Salah satu pengecualian yang sekarang diperbolehkan oleh Undang-Undang adalah bahwa perusahaan dalam situasi-situasi tertentu dapat membeli sahamnya sendiri. Pembelian tersebut harus disetujui oleh perusahaan dalam rapat umum. Menurut Pasal 76B(1) dari Undang-Undang, anggaran dasar perusahaan harus secara tegas memperbolehkan pembelian kembali/buy back saham tersebut. Pembayaran pembelian saham harus diambil dari laba perusahaan yang dapat dibagikan.[6] Hal ini untuk menjaga posisi para kreditur karena laba tersebut pada setiap saat sudah dibagikan kepada para pemegang saham. Selain itu, para direktur dan manajer perusahaan juga dilarang mengijinkan pembelian kembali saham perusahaan apabila mereka tahu bahwa perusahaan dalam keadaan insolven atau akan insolven sebagai akibat dari pembelian kembali saham perusahaan itu.[7]

Pengurangan Modal
Terlepas dari aturan mempertahankan modal, Undang-Undang memperbolehkan pengurangan modal dalam situasi-situasi tertentu. Ketentuan yang terpenting adalah pasal 73(1) dari Undang-Undang, yang mengatur bahwa perusahaan, jika diwenangkan menurut anggaran dasarnya berdasarkan keputusan khusus, dapat mengurangi permodalan sahamnya dengan cara apapun dan khususnya, tanpa membatasi arti keseluruhan dari ketentuan sebelumnya, dapat melakukan semua atau salah satu tindakan berikut ini:  
  1. menghapus atau mengurangi tanggung jawab atas salah satu sahamnya berkenaan dengan permodalan saham yang belum disetor;
  2. membatalkan modal disetor yang hilang atau tidak diwakili oleh aset yang tersedia;
  3. membayar lunas permodalan saham yang telah melebihi kebutuhan perusahaan.
Setiap pengurangan modal harus disetujui oleh pengadilan, dan dalam situasi-situasi tertentu, para kreditur berhak mengajukan keberatan terhadap pengurangan modal tersebut.[8]

4. Perlindungan Hukum Pemegang Saham

Oppression Remedy
Selain mampu mengajukan gugatan derivatif baik menurut common law atau undang-undang untuk melindungi kepentingan sah dari perusahaan, ada dua upaya hukum penting lainnya yang terbuka bagi para pemegang saham yang merasa kepentingannya terusik. Pertama diatur berdasarkan Pasal 216 dari Undang-Undang.

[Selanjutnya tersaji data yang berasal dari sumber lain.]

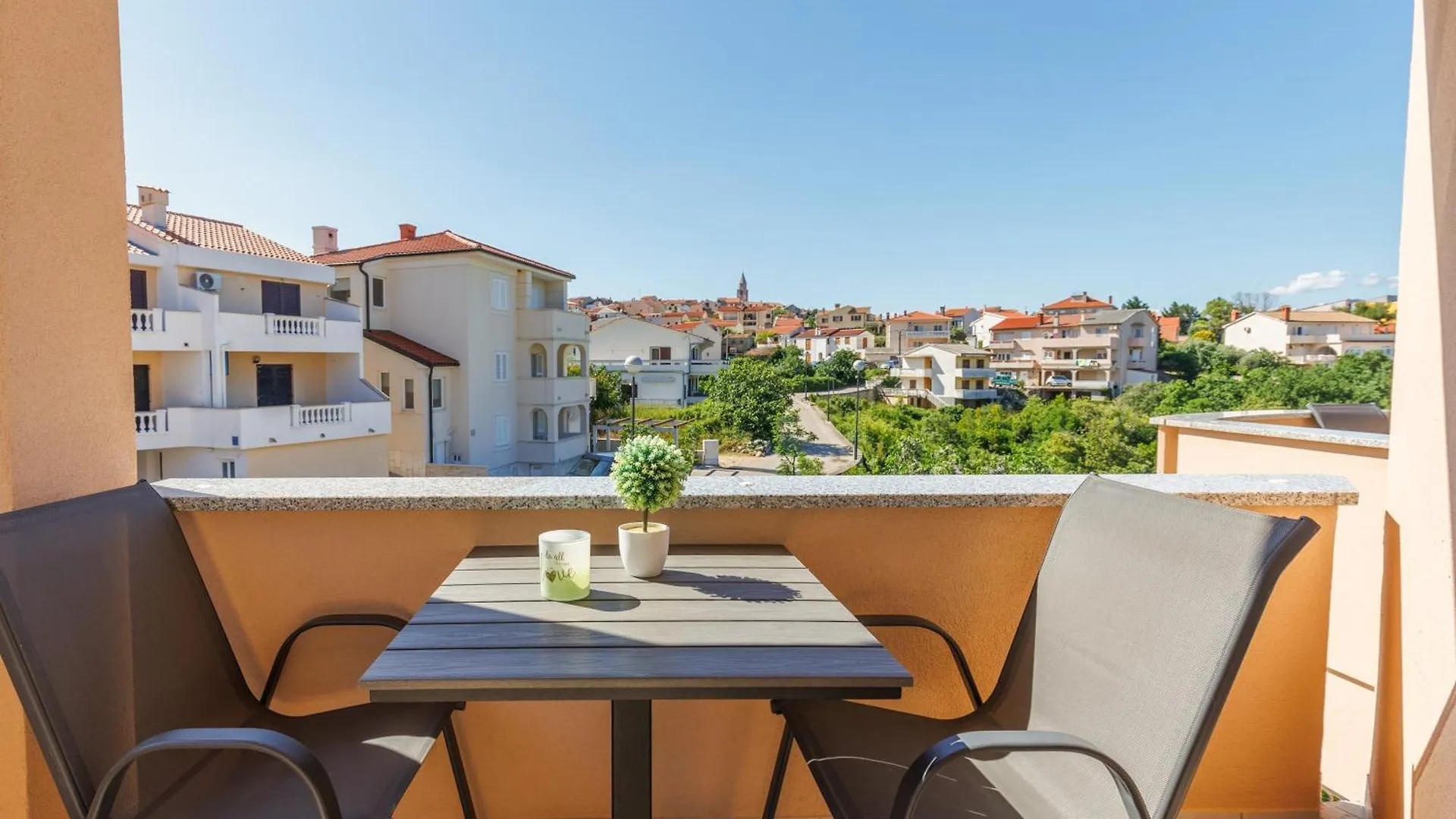 Beachfront Apartment Betty - Happy Rentals Vrbnik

Pasal 216 (1) mengatur bahwa setiap anggota atau pemilik debentur perusahaan, atau Menteri Keuangan dalam kasus-kasus tertentu, dapat mengajukan permohonan penetapan kepada pengadilan agar urusan perusahaan dijalankan dengan cara menekan satu atau lebih anggota atau pemegang debentur, atau dengan mengabaikan kepentingan mereka sebagai anggota, pemegang saham atau pemegang debentur perusahaan. Pengajuan permohonan yang serupa dapat juga dilakukan apabila terdapat suatu tindakan perusahaan yang telah dilakukan atau akan terjadi yang mana secara tidak adil mendiskriminasikan atau dengan cara lain merugikan satu atau lebih anggota atau pemegang debentur. Pasal 216 biasa dikenal sebagai upaya hukum tekanan/oppression remedy.
            Apabila pengajuan permohonan tersebut dilakukan, dan pengadilan setelah memeriksa bukti merasa puas bahwa tuntutan yang diajukan memiliki dasar yang kuat, maka pengadilan, dengan tujuan mengakhiri atau memperbaiki masalah yang digugat, dapat membuat suatu penetapan sebagaimana dianggap baik olehnya. Penetapan tersebut dapat berupa memerintahkan atau melarang setiap tindakan atau membatalkan atau mengubah transaksi atau keputusan; mengatur pelaksanaan urusan perusahaan di kemudian hari; mengijinkan proses perkara perdata diajukan atas nama perusahaan; mengatur pembelian saham dan debentur perusahaan oleh anggota atau pemegang debentur lainnya dari perusahaan itu sendiri; atau bahkan menutup perusahaan.
Pasal 216 dari Undang-Undang dimaksudkan untuk membantu anggota atau pemegang debentur apabila pihak yang mengendalikan perusahaan melakukan tindakan penyalahgunaan atau kesalahan. Pengadilan tidak mempermasalahkan apakah perusahaan dikelola dengan baik atau tidak. Keputusan bisnis adalah keputusan yang dibuat oleh direksi dan pengadilan umumnya tidak akan menduga-duga keputusan bisnis yang diambil ataupun pengadilan tidak akan mempermasalahkan bahwa seorang atau beberapa anggota seringkali kalah suara. Hal ini merupakan bagian dan satu kesatuan dari administrasi perusahaan dimana keputusan diambil berdasarkan suara mayoritas. Yang dipermasalahkan oleh pengadilan adalah apakah urusan perusahaan dijalankan oleh pihak yang mengendalikan dengan suatu cara dimana terlihat jelas adanya penyimpangan dari standar pengaturan yang wajar/fair dealing dan pelanggaran terhadap syarat-syarat perbuatan yang wajar/fair play yang berhak diharapkan oleh seorang pemegang saham. Hal ini biasanya timbul dalam situasi-situasi, misalnya, dimana para pemegang saham utama dikeluarkan dari manajemen; para pemegang saham terhalang untuk memperoleh informasi mengenai perusahaan; anggota dominan secara jelas mendahulukan kepentingannya sendiri; dan pihak patrenal dari perusahaan keluarga berperilaku secara otokrasi.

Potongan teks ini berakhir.